Meninggalkan televisi secara total lalu menjadikan buku satu-satunya sumber ilmu dan informasi adalah sikap yang kurang arif, mesti tidak mustahil orang bisa melakukannya. Yang terpenting sebenarnya adalah bagaimana pemiarsa cerdas dan kritis dalam memilih tayangan, dan ini sebenarnya merupakan usaha memperbaiki kualitas tayangan televisi kita. Bukankah para pembuat program acara televisi mengikuti selera pemiarsa, bukan sebaliknya.

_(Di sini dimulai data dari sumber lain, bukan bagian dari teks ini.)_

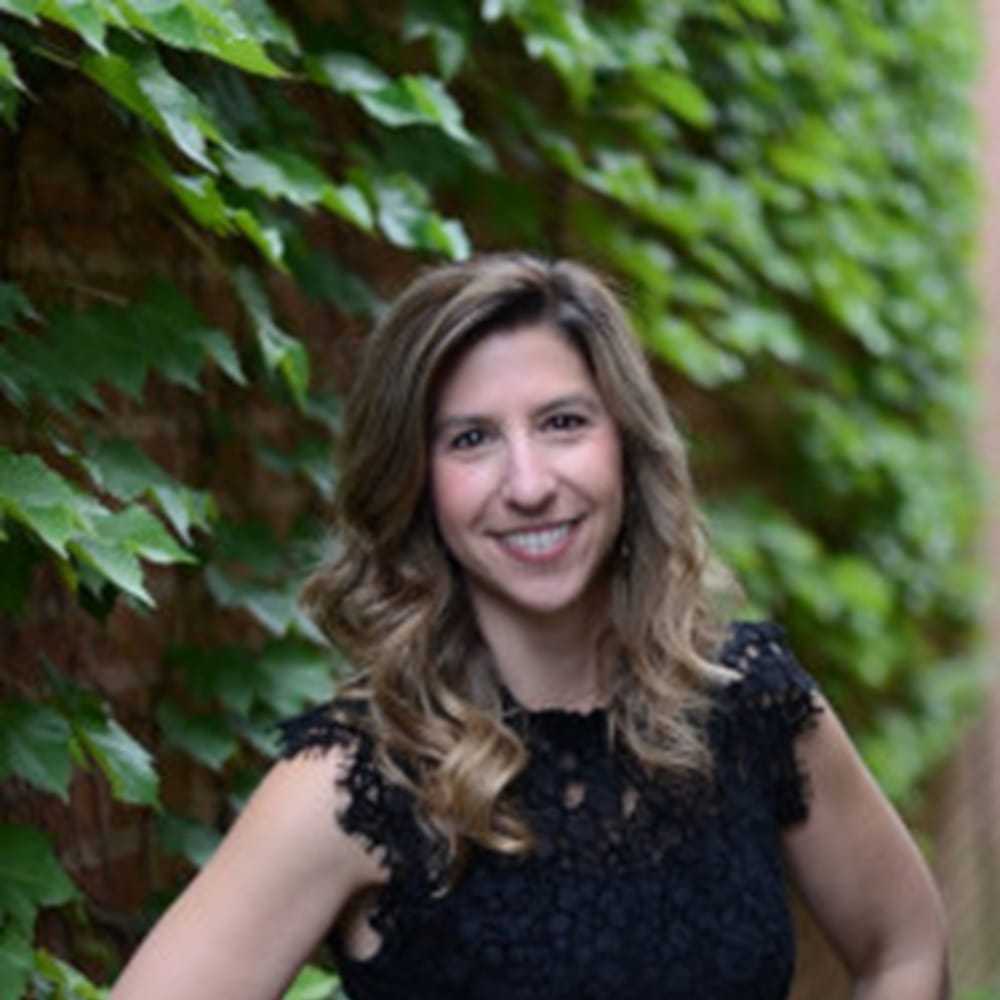 Portrait of Jessica, a professional stylist at Anasa Salon, showcasing their expertise and style.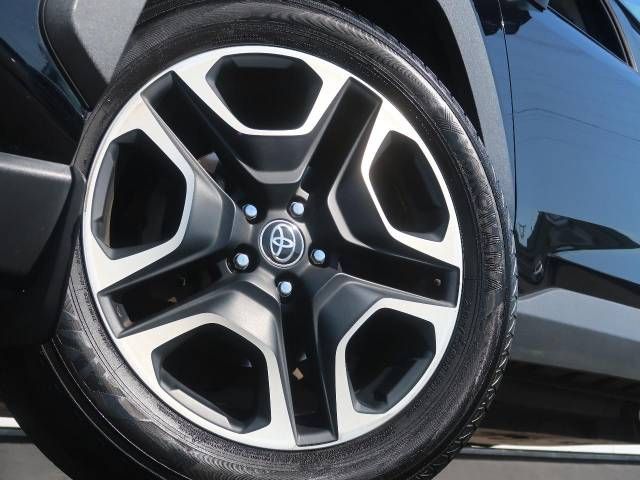 Toyota RAV4 2019-10 18578-13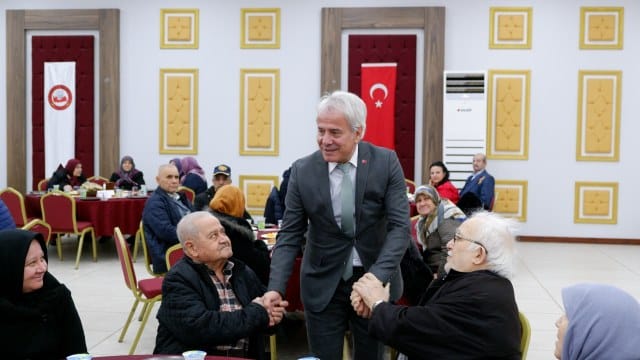 Güney, “Et tırnak gibi olmalıyız”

Dan karena televisi mengincar anak-anak sebagai targetnya, maka orang tua sudah seharusnya menjadi panglima menentukan apa dan kapan waktu tepat menghidupkan televisi, sambil terus berjuang membiasakan anak membaca buku. Dengan begitu, buku dan televisi dapat berdamai. Tetapi bagi orangtua yang telah kecanduan televisi, jauh dari buku, maka hal tersebut akan sangat sulit tercapai, sebagaimana sulitnya seorang pemabuk meminta agar anaknya menghentikan kebiasaan minum khamr.